- WHAT IS BEING ASKED -
Word for word, restate the lines of the data below between those holding "New symmetrical mandala" and "Skull Tapestry I", inclusive; pictures do not belong in the copy.

- THE INPUT -
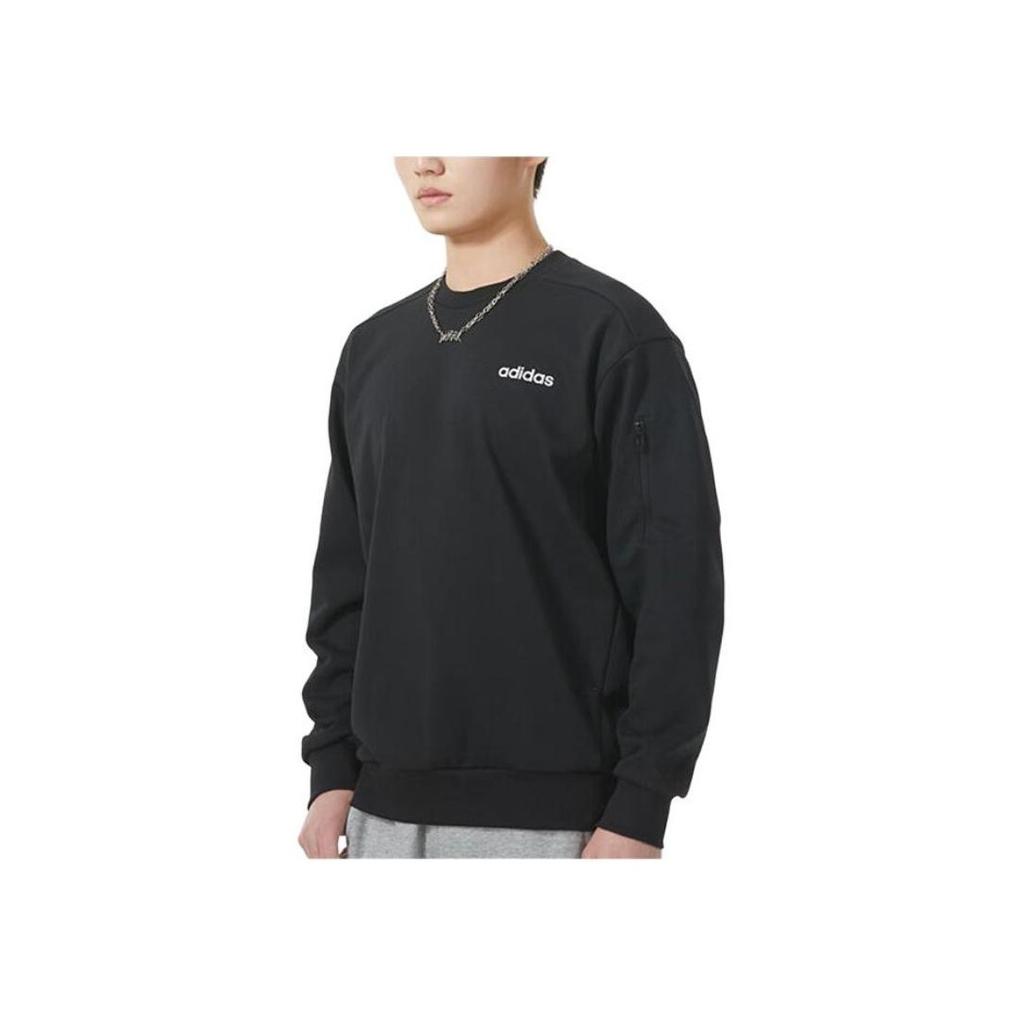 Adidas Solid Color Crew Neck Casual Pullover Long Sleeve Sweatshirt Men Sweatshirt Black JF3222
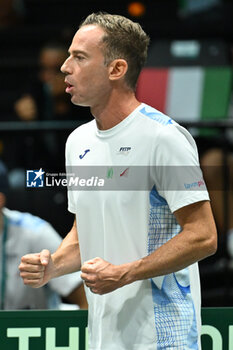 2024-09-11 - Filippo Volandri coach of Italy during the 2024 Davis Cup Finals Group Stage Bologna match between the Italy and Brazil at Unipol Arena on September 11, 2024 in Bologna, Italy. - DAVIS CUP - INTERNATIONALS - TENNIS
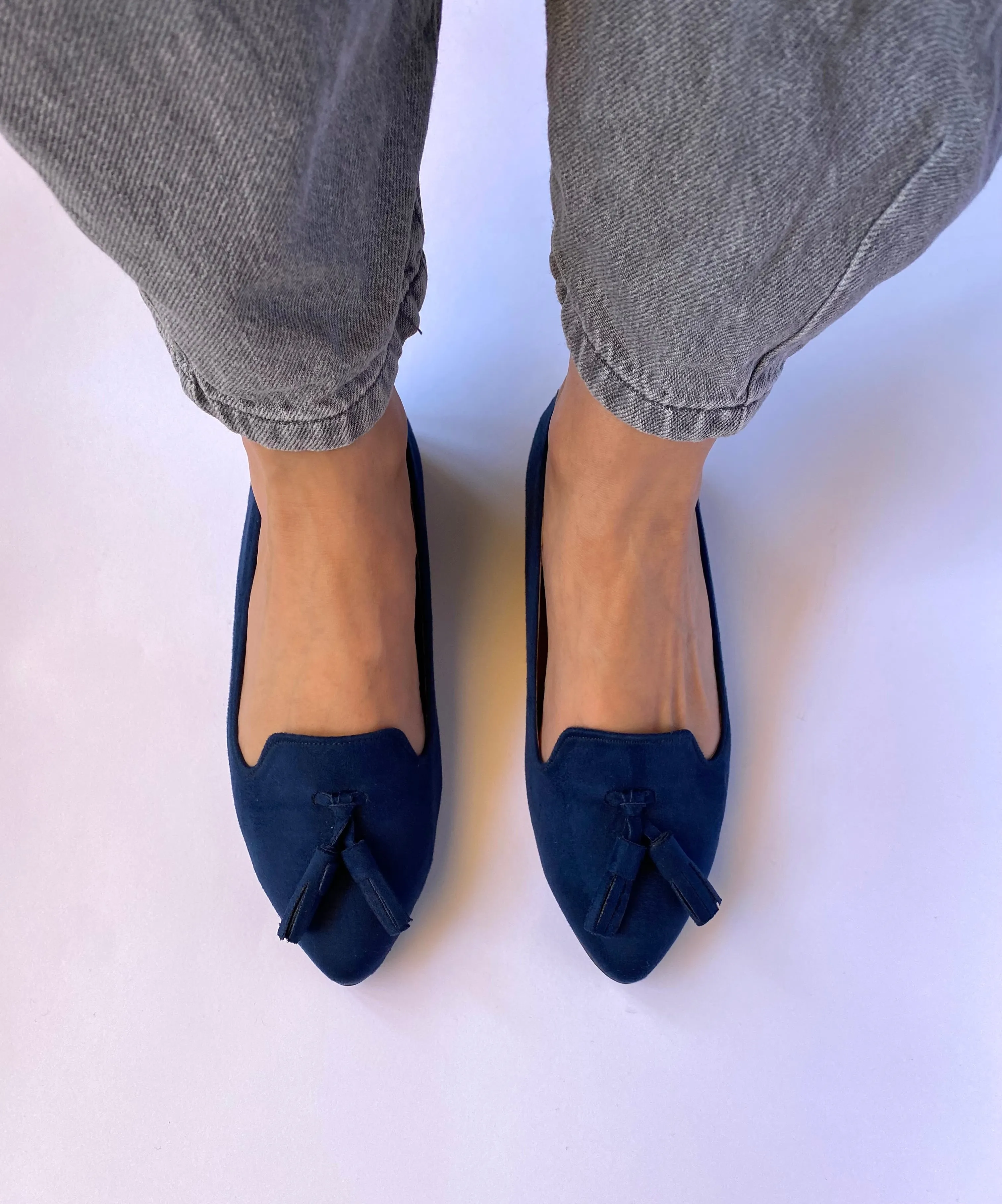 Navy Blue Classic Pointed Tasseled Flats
...
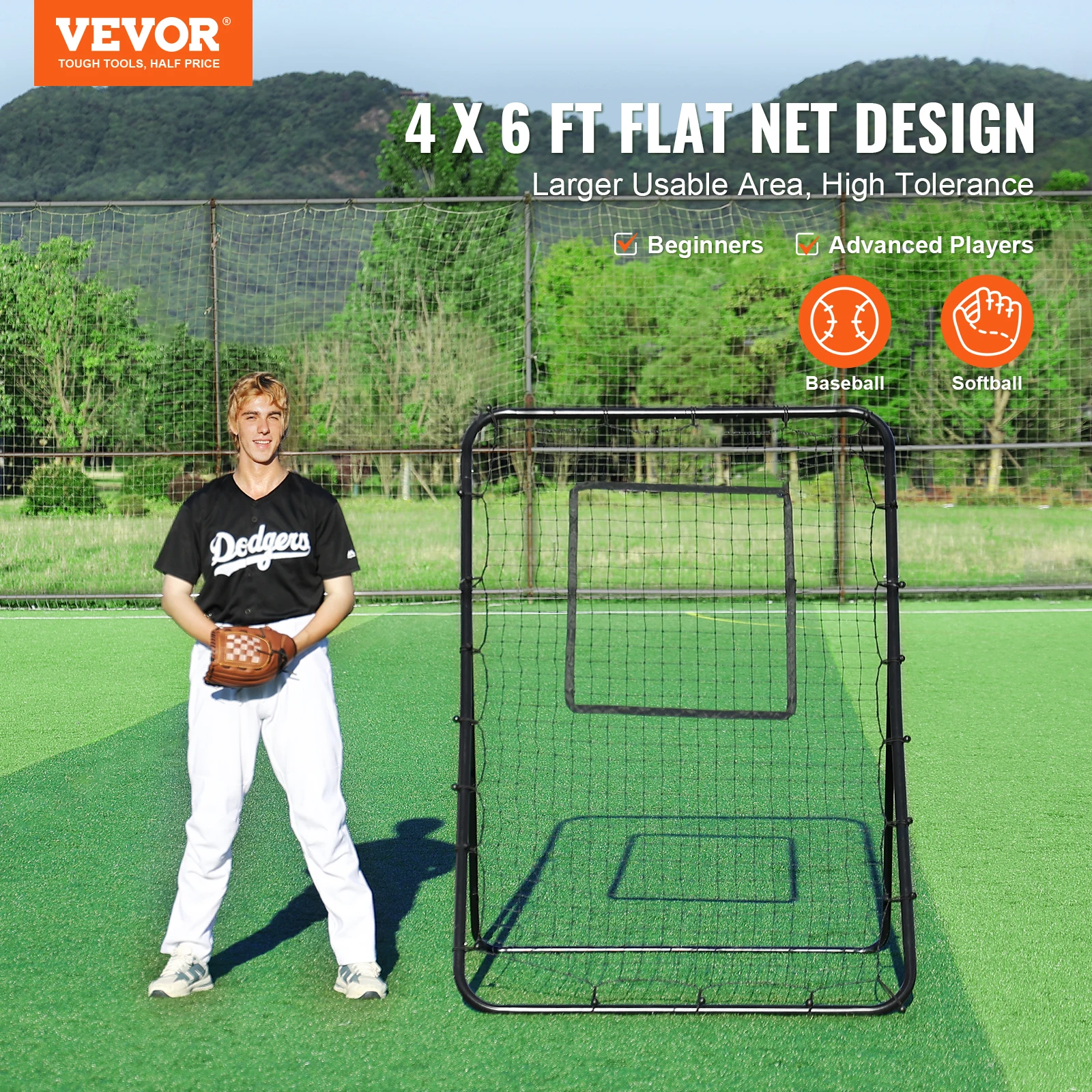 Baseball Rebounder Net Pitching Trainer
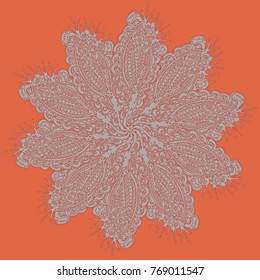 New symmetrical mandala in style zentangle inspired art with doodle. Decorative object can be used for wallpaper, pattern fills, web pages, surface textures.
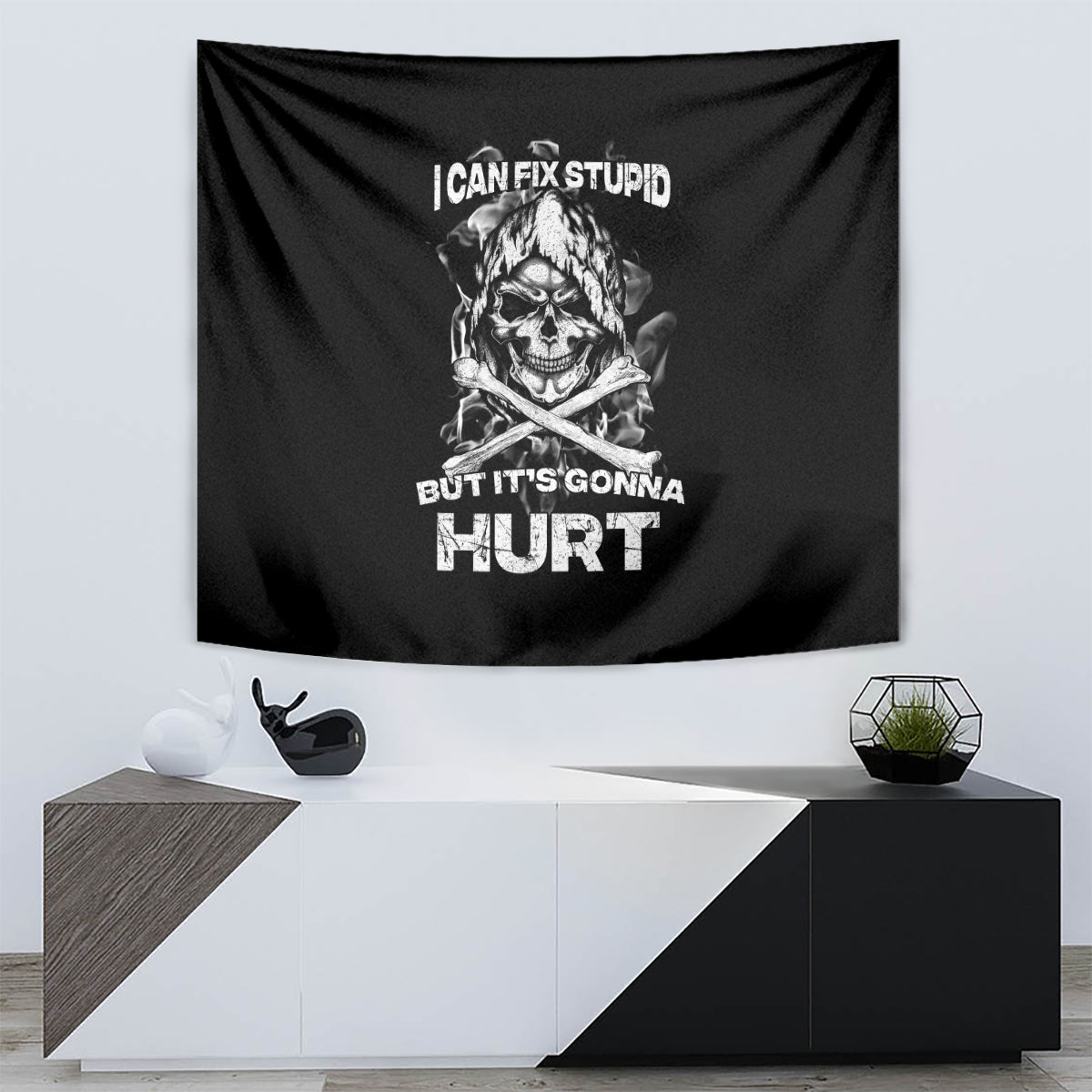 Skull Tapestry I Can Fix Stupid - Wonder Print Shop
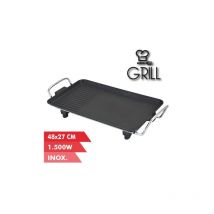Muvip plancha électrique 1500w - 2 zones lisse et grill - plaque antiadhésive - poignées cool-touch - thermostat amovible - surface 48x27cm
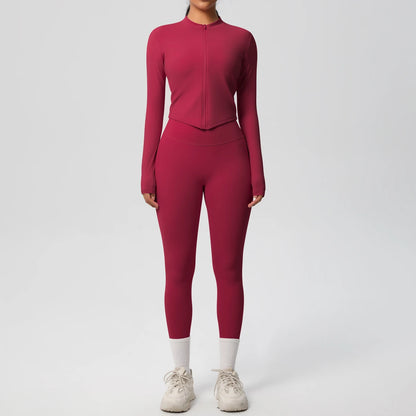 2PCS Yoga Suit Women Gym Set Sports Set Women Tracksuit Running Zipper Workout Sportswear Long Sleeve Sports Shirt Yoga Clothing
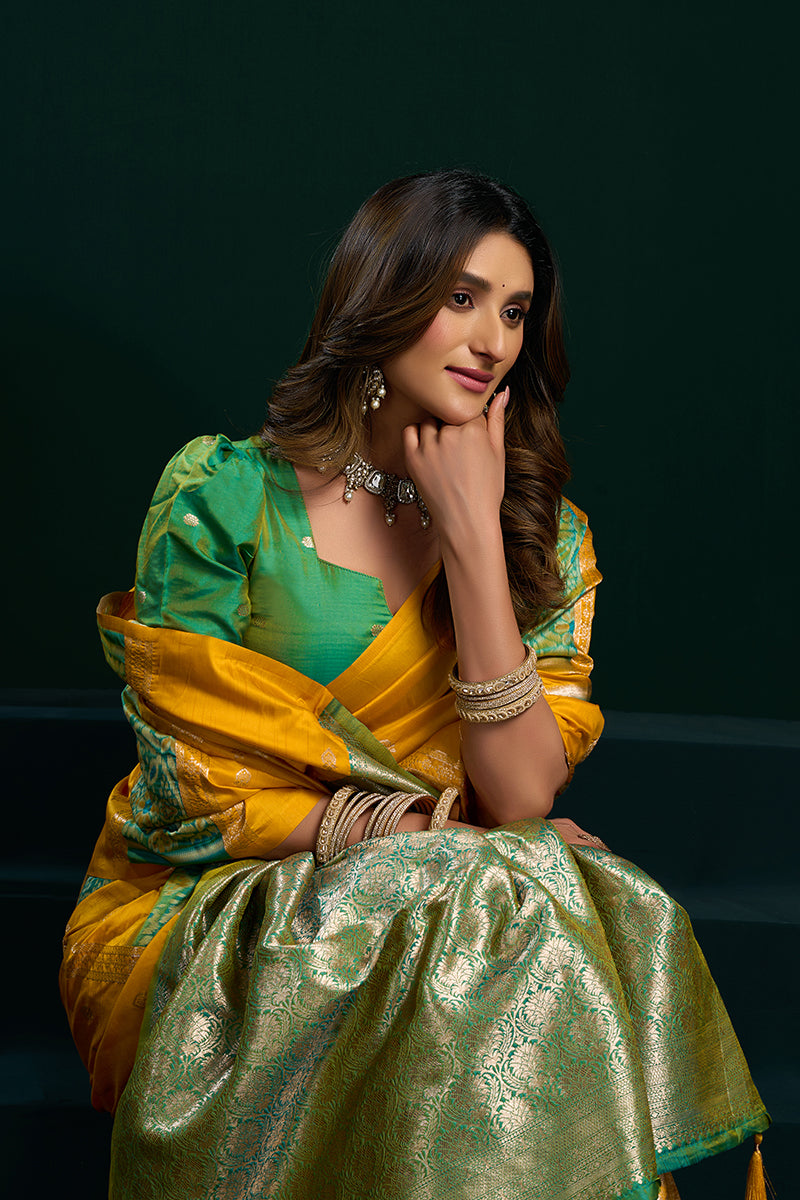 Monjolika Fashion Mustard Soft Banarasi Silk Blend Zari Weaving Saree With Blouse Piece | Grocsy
* * *
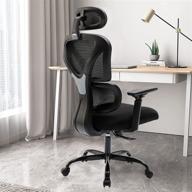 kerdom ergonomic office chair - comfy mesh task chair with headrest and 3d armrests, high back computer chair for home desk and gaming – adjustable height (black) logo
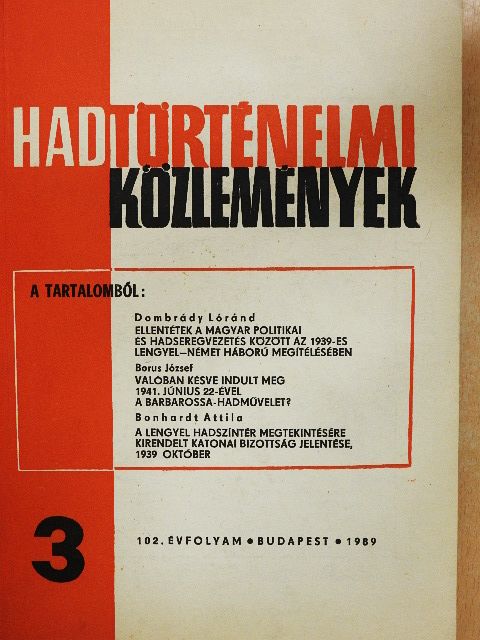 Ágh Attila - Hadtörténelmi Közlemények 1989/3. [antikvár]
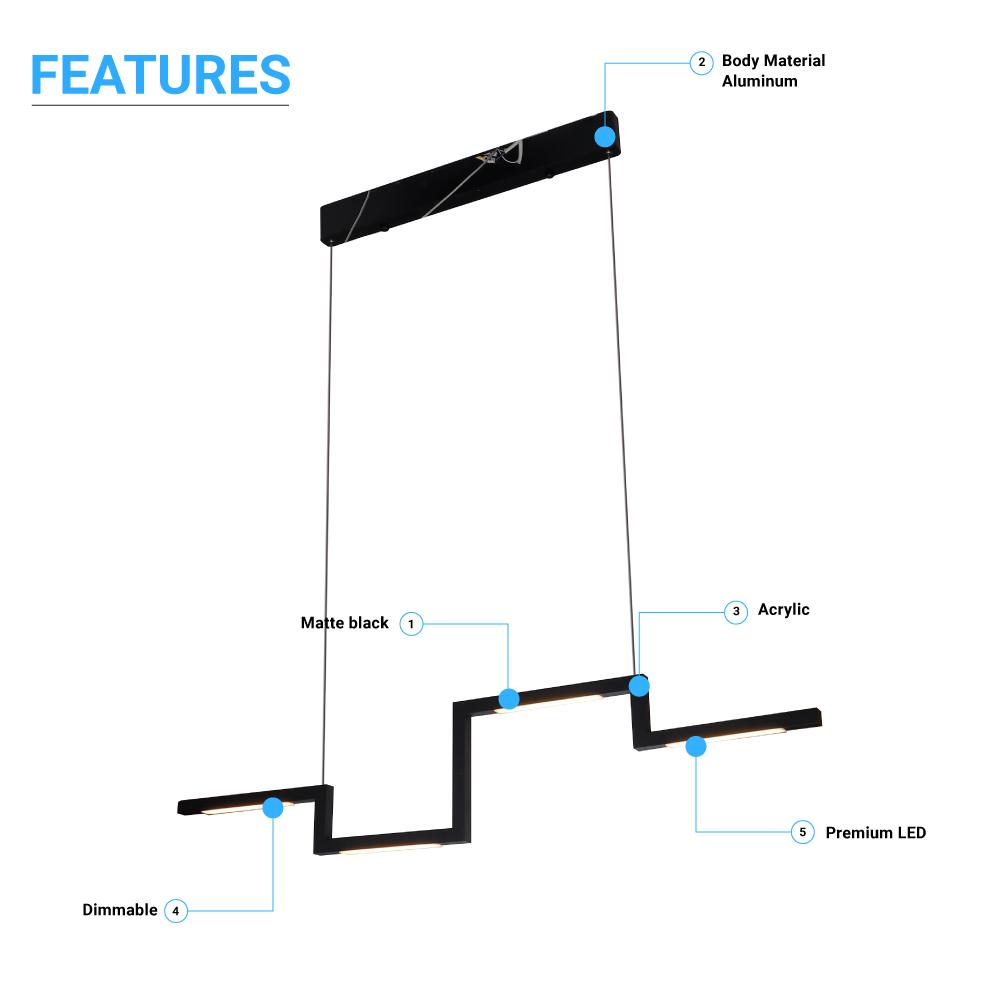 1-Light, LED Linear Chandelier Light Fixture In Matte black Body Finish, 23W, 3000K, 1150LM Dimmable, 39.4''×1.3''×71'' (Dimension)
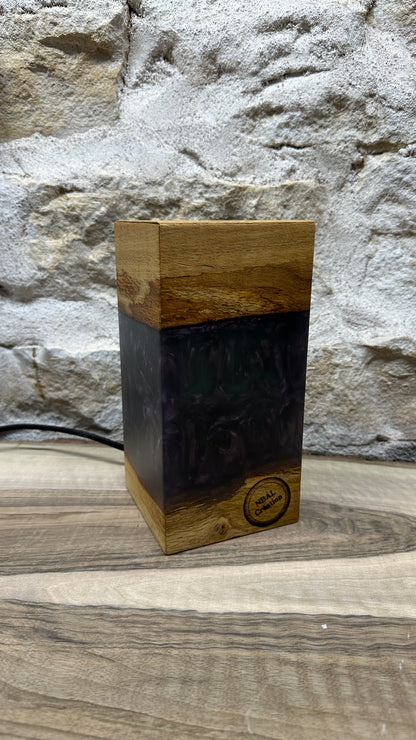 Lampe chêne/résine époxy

- TASK RESPONSE -
 New symmetrical mandala in style zentangle inspired art with doodle. Decorative object can be used for wallpaper, pattern fills, web pages, surface textures.
 Skull Tapestry I Can Fix Stupid - Wonder Print Shop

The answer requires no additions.